Die Bundesregierung verweist hingegen darauf, dass sich die verschiedenen Leistungsbilder nach der HOAI sowohl hinsichtlich der Leistungsinhalte als auch bezüglich der Qualifikation der Planer derart unterscheiden würden, dass nicht von einem einheitlichen Auftrag ausgegangen werden könne. Da sich die KOM dem nicht angeschlossen hat, ist damit zu rechnen, dass das Vertragsverletzungsverfahren vor dem EuGH fortgesetzt wird und von diesem über die künftige Notwendigkeit einer Zusammenrechnung neu entschieden wird.

 

  1. Zusammenfassung/Empfehlung

In der Zeit vor einer möglichen EuGH Entscheidung könnten deutsche Gerichte eine sog. europarechtskonforme Auslegung des § 3 Abs. 7 S. 3 VgV (2016) vornehmen. Das kann dazu führen, dass die Gerichte selbst dann davon ausgehen, dass auch Leistungen aus unterschiedlichen HOAI-Leistungsbildern als „gleichartig“ zu qualifizieren sind und eine getrennte Bewertung von Planungsleistungen unzulässig ist, auch wenn sie allein nach deutschem Recht eine andere Auffassung vertreten würden. Dies erscheint deshalb möglich, weil eine solche Trennung – wie bereits oben dargelegt – nicht explizit im Wortlaut des § 3 Abs. 7 VgV angelegt ist.

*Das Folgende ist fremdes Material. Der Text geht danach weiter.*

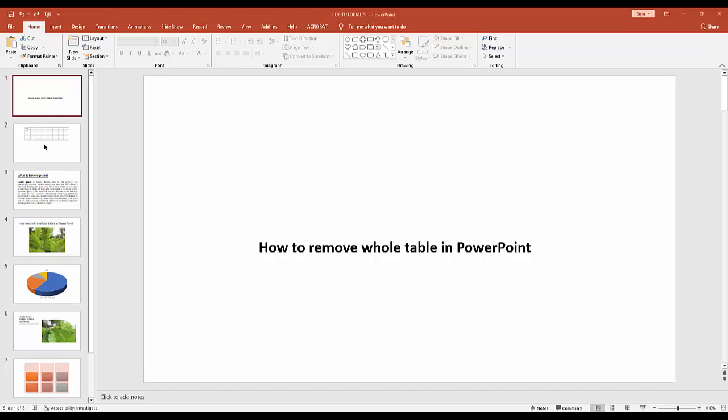Assalamualaikum, hello everyone, welcome back to my another video. In this video I am going to show you how to remove whole table in Microsoft PowerPoint. Without further ado, let's get started.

Für Baumaßnahmen, die u.a. aus europäischen Mitteln gefördert werden, ist zusätzlich zu beachten, dass die zuständigen Prüfbehörden primär einen europarechtlichen Maßstab anlegen. Für deren Prüfung ist deshalb in erster Linie ausschlaggebend, ob die Vergabe in Einklang mit den europäischen Vorgaben erfolgt ist. Ob das deutsche Recht insoweit „Sonderregelungen“ für Planungsleistungen vorsieht oder nicht, ist für die Prüfbehörden zweitrangig. Bei einem möglichen Verstoß gegen die europäischen Vorgaben bestünde dann ein zusätzliches Kostenrisiko.

Diese Risiken lassen sich nur vermeiden, indem für die schwellenwertbezogene Bestimmung des Auftragswerts bereits zum jetzigen Zeitpunkt stets eine Zusammenrechnung aller HOAI-Leistungen vorgenommen wird.